Es fácil saber de quién hablan los grandes del humor dibujado argentino cuando se refieren al maestro. Sin duda, se refieren a Eduardo Ferro (de 82 años), hombre que pasa con toda comodidad, en la vida y en el papel, por esa prueba definitiva y temible que es el test de los colegas.

Desde Mordillo y Napo hasta Fontanarrosa, pasando por Caloi, a Ferrito se lo admira y se lo quiere, aunque él preferirá seguramente invertir el orden de los términos. Tiene una modestia de las peores, porque es auténtica, y estará más dispuesto a abrir la puerta de su casa de Wilde -donde vive con su esposa, Carmen, mujer encantadora- y a sentar a su mesa a los amigos que a aceptar elogios que merece por mil y una razones.

Para decirlo rápido y sin censura, Ferro es el máximo artista del humor gráfico local, aunque él jamás hablará de arte, sino de oficio. Si se lo presiona sin piedad, admite que lo tiene, pero es capaz de salirle a uno con exhibiciones de humildad insostenibles. Cuenta que una vez, en los años 50, Landrú hizo una doble página en la revista Vea y Lea "llena de cuadritos, y tres de ellos eran con mis personajes. Cuando vi cómo había dibujado a Chapaleo, además de sentirme halagado, me di cuenta de que lo había hecho con muchísima más gracia que yo".

Lo bueno de Ferro es que es persona de quedarse. Lleva 59 años de casado con Carmen (el matrimonio causaría la envidia de veinteañeros) y trabajó junto a Dante Quinterno en Patoruzú durante la friolera de 47 años. Trabajó en la revista desde 1937 hasta 1976, cuando cerró, pero siguió ligado a los famosísimos Libros de Oro anuales hasta 1984.

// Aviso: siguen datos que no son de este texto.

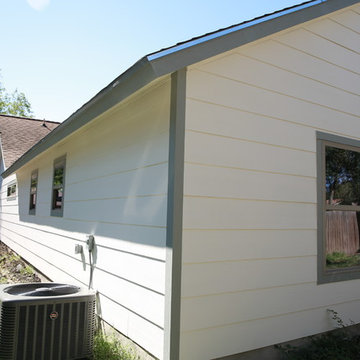 Big Elk Father in Law Suite Addition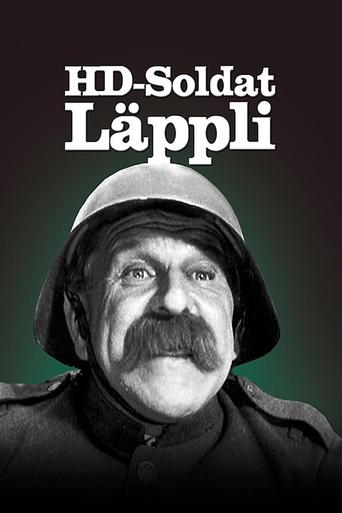 Poster of HD Soldier Läppli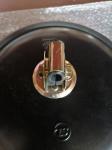 Universal Excavator Cab Mirror 71Q4-12000 71N8-47100 71N8-47101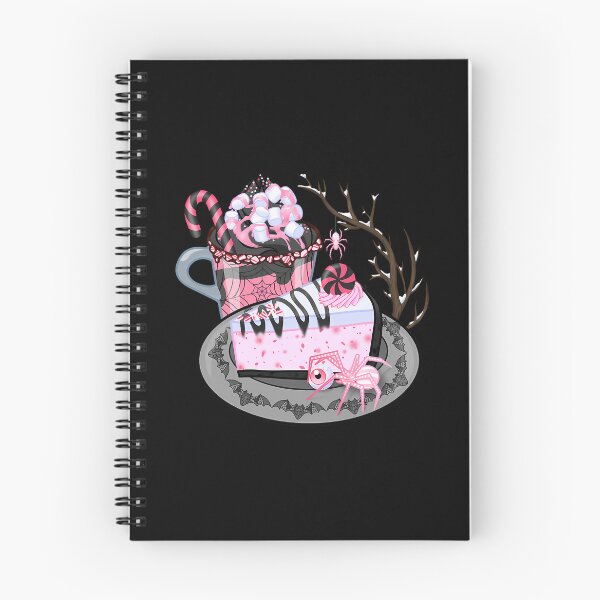 Item preview, Pastel Hexmas Peppermint Pie designed and sold by xuckdbfzzwz27.
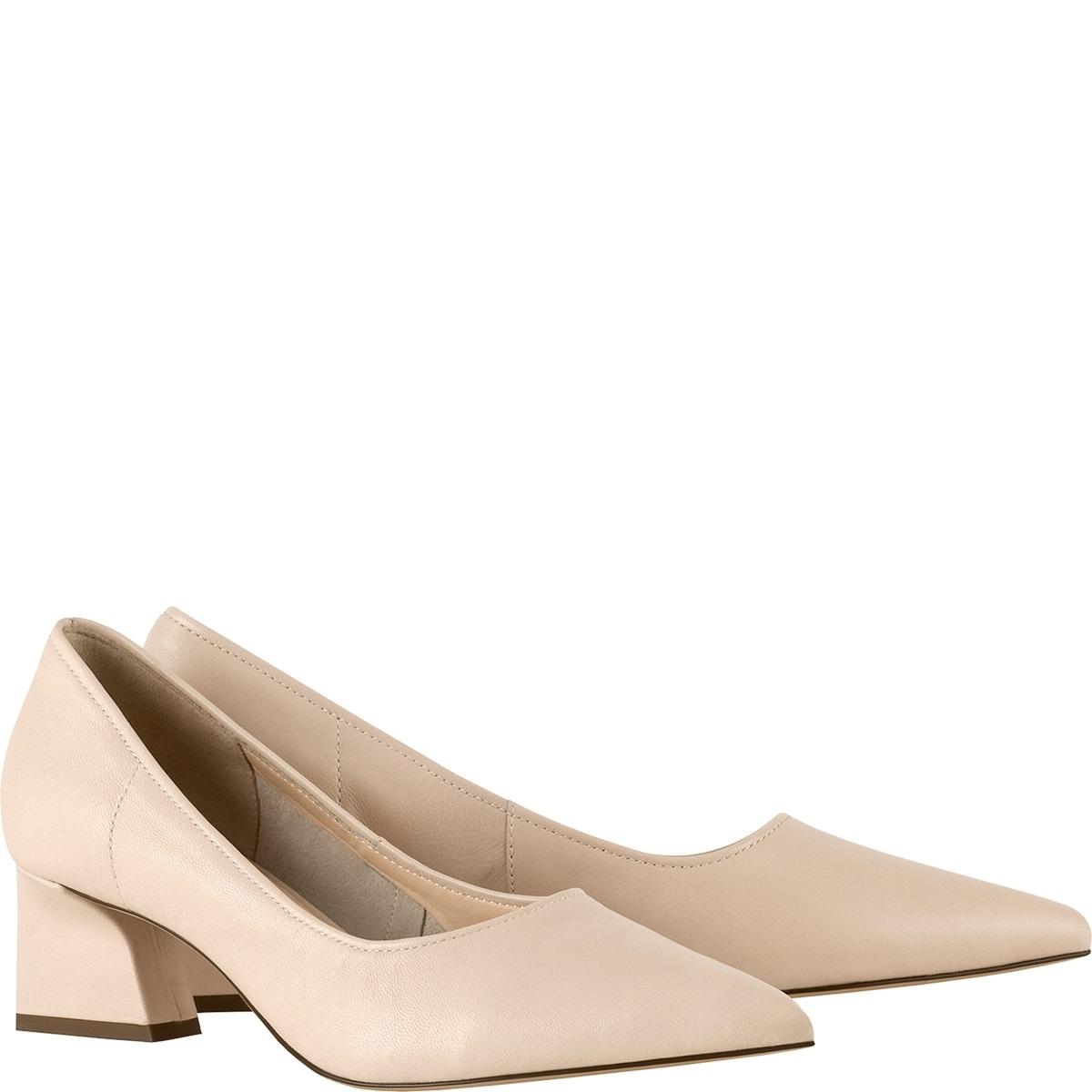 Klasikiniai batai moterims, Kūno, ANN Formal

El ya había dibujado en otras partes, pero en sus comienzos en Patoruzú era, a ojos del gran Quinterno, un pichi. Hasta que una tarde se animó. Había una reunión de creativos -entre ellos, su hermana Laura- para tirar las líneas del próximo episodio de El fantasma Benito y a nadie se le ocurría nada. Rapidito, garabateó un guión y lo presentó "por si sirve para algo". Sirvió, el jefe le pidió que hiciera otros "para ver si no fue casualidad" y pronto tuvo escritorio propio.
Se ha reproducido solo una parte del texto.